Ah, where has the time gone? Busy with work, as ever. Avoiding sitting any more than already required for the job -- another impediment to blogging. However, I did just install a Varidesk sit-stand thingie in my home office, which means I can stand some portion of the time at my computer and I like it a lot! I may have to work from home a bit more since we don't have the means to stand at desks at the office. [photo: Beech tree in the Public Garden, Boston, 10/23/16]
After a very dry summer (we have extreme drought in this part of New England), we got a bit of rain over the weekend. It's starting to cool down to normal October weather, too, after some weird 80-degree days the end of last week. Tomorrow's forecast hinted at the possibility of snow flurries. I get up for work in the morning while it's still dark, though that will change for awhile when we turn the clocks back this weekend. Soon I'll be driving home from work in the dark as well. [photo: Newbury St in Boston; 10/22/16]
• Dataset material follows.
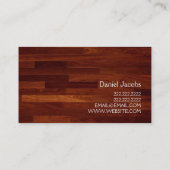 Carte De Visite Installation au sol Construction en marbre de bois (Dos)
Despite the drought, we've seen some fall foliage around here that isn't just dried brown leaves. Further north of here in Vermont where we visited friends the first weekend of October, the foliage was spectacular. My friend and her husband have retired up there, although MJ just took a job at the local ski resort selling season ski passes. This gave her free access to the road that winds up the mountain to the peak (normally quite pricey), so we piled into her minivan and she drove us up for sightseeing, one of the last weekends before they close the road for the winter season. [photos below: Stowe, Vermont, 10/1/16] More photos from Vermont here.
I had my 40th high school reunion the weekend before last, which was quite fun actually. I absolved D of coming with me (he had a friend visiting anyway) so I could catch up with friends I haven't spoken to in 20 years (I did go to my 20th, so long ago). We had a large turnout, not surprisingly since there were more than 800 people in my graduating class! Nice to be with so many people my age since everyone I work with is 15 to 35 years younger than me, and D and many of my friends are a few years to a dozen years older.
Other than that, I and many of my friends and, well, countrymen and women, have been existing in high anxiety over the political situation in our country. Things seem to be heading in a positive direction regarding the elections (just 2 weeks from yesterday), which eases the mind a bit, but nothing to be taken for granted. I will be relieved (presumably, fingers crossed) when the elections are over. But so much sorry behavior and sentiment. I hope lancing this boil to let these things come to light helps to eventually cleanse the country, however noxious it is in the meantime. I teeter between pessimism and hope.
Maybe it's the perfect season, Halloween, which brings out the ghouls and goblins and gives them their due. I remember years ago visiting a friend in Santa Fe, New Mexico for the annual Fiesta, where they bring out Zozobra, Old Man Gloom. People contribute mementos of the year's troubles, let Zozobra rail a bit, before burning him in effigy along with their troubles away for another year. I think we could use a similar ritual after the elections to cleanse our own spirits and make way for a merrier holiday season.